The cartilage cap here is opening up on an unseen hinge
of partially intact surface cartilage, much like a "trap
door".
|
The surgeon will carefully hold the lesion open,scrape out any
fibrous tissue present (see FIGURE 9)
and then insert fresh local bone graft material into the crater
(see FIGURE 10). This bone graft
material must be very carefully inserted so as to fill up (but
not overfill) the empty space created by the removal of the fibrous
tissue. The OCD cap must then be closed back down and held in
place with internal fixation screws or pins before any of the
bone graft material escapes (see FIGURE
11). The greater the degree of prior reabsorption of the
dead ossific nucleus, the more fibrous tissue there is to remove
and the greater the amount of bone graft material required to
fill the void. One must be very careful not to overfill the crater
with bone graft or the cap will not fully close back down, causing
it to bulge out beyond the normal joint surface contour.
|
FIGURE
9 - With the cartilage cap (left side) held open to
expose the crater in the femur beneath it, the crater and
cap are scraped and cleaned of all fibrous tissue. Any dead
bone at the bottom of the crater is removed and/or drilled
to enhance restoration of local blood supply. |
|
FIGURE
10 - This arthroscopic photo demonstrates how fresh
(red) bone graft material is inserted into a hinged-open OCD
lesion using a modified syringe (the clear plastic tube with
the "10" on it). This is a close-up view of the
same lesion depicted in Figures 8 and 9. The syringe is withdrawn
as the bone graft material is injected into the empty space
that remains after the previous removal of dead bone and fibrous
tissue. The articular cartilage cap is then closed back down
over the bone graft tissue, preventing its escape from the
crater. This cap was held in place with two fixation screws,
as shown in Figure 11. |
|
FIGURE 11
- This was the final appearance of the bone-grafted OCD
lesion shown in Figure 10, now held firmly in place with
two stainless steel screws. When the screws were removed
arthroscopically 10 weeks later, the OCD lesion was healed
and stable.
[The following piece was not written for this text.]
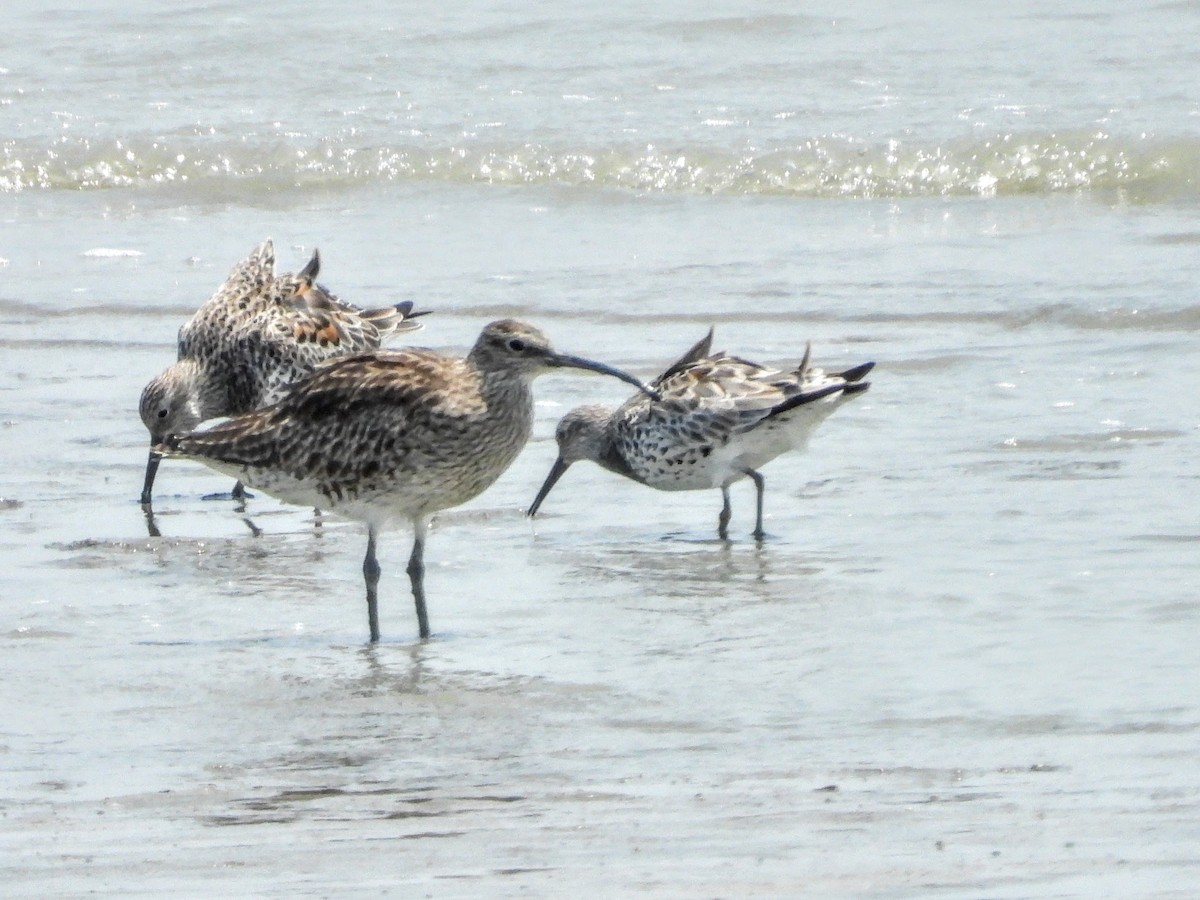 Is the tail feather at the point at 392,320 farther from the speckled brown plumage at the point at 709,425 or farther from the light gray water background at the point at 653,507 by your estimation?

The patient was able to run and perform heavy
weightlifting six months later with no symptoms of any kind.
|
In my experience I have come across two unusual OCD lesions
(one of which is shown above in FIGURES
8-11) where the entire ossific nucleus had
been reabsorbed, leaving only a thick cap of articular cartilage.
In both cases, bone grafting and internal fixation still successfully
resulted in firm union of the articular cartilage cap to the parent
femur and an ultimate clinical success. As of the time of this
writing, I have never encountered an OCD lesion that failed
to unite when bone grafting methods were employed, with or
without internal screw fixation of the lesion, as needed. Once
an individual with at least a partially unstable lesion has reached
skeletal maturity by way of closure of their growth plates, I
believe that non-operative treatment or less involved surgical
approaches (such as simple drilling) are less effective
than the more complex techniques utilizing arthroscopic bone grafting.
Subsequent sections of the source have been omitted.